> WHAT TO DO:
Every line from the one containing "Шкаф серверный Hyperline" through the end of the listing below must be given again exactly, and nothing else; exclude pictures.

> DATASET CONTENT:
· · · · · · ·

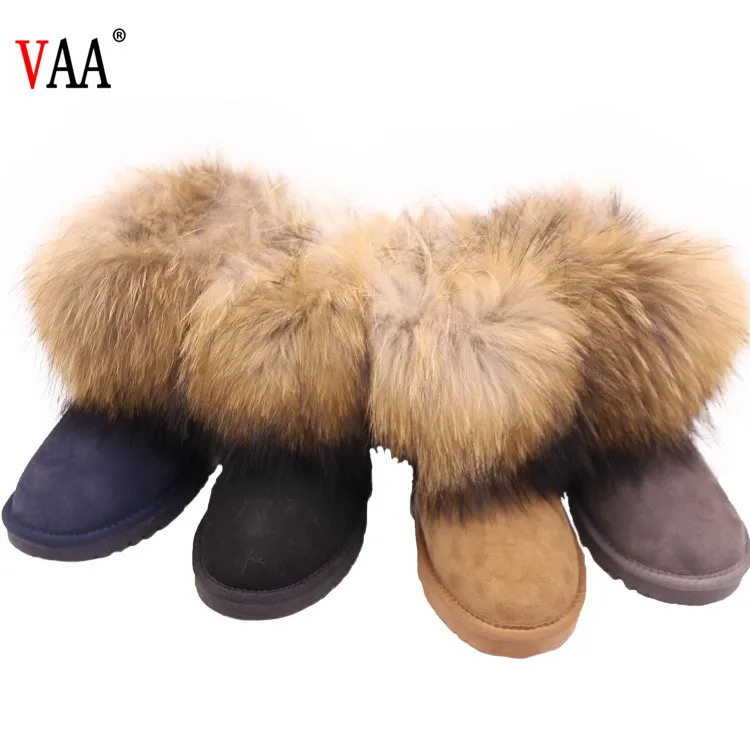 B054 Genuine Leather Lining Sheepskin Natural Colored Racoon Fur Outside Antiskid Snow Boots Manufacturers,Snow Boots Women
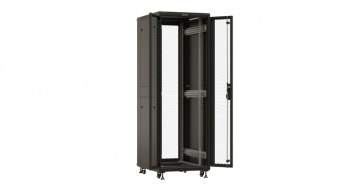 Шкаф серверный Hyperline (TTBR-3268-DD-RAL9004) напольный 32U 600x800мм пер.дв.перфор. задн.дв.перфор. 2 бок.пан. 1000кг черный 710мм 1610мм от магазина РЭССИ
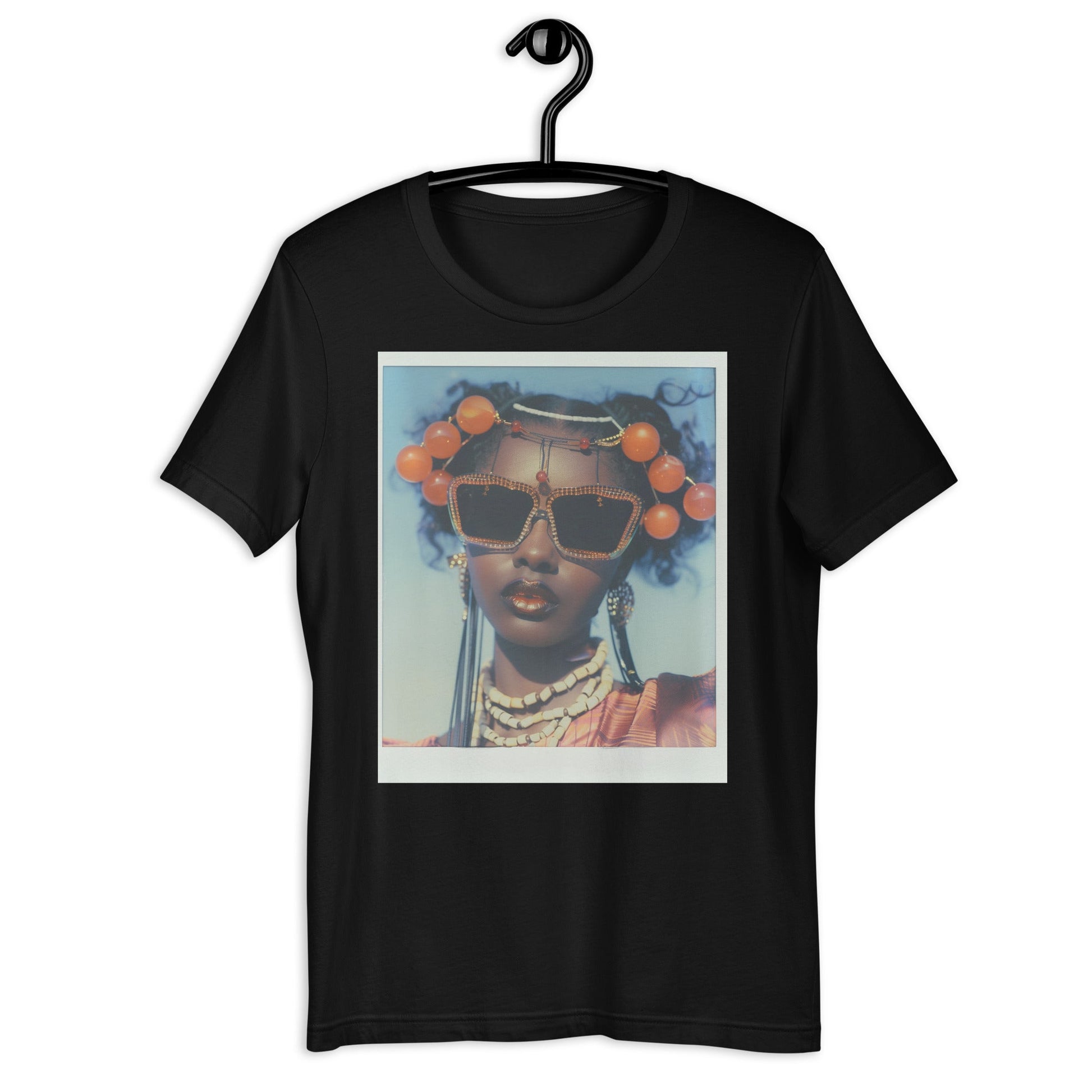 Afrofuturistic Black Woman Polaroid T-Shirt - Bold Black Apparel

· · · · · · ·

> TASK RESULT:
 Шкаф серверный Hyperline (TTBR-3268-DD-RAL9004) напольный 32U 600x800мм пер.дв.перфор. задн.дв.перфор. 2 бок.пан. 1000кг черный 710мм 1610мм от магазина РЭССИ
 Afrofuturistic Black Woman Polaroid T-Shirt - Bold Black Apparel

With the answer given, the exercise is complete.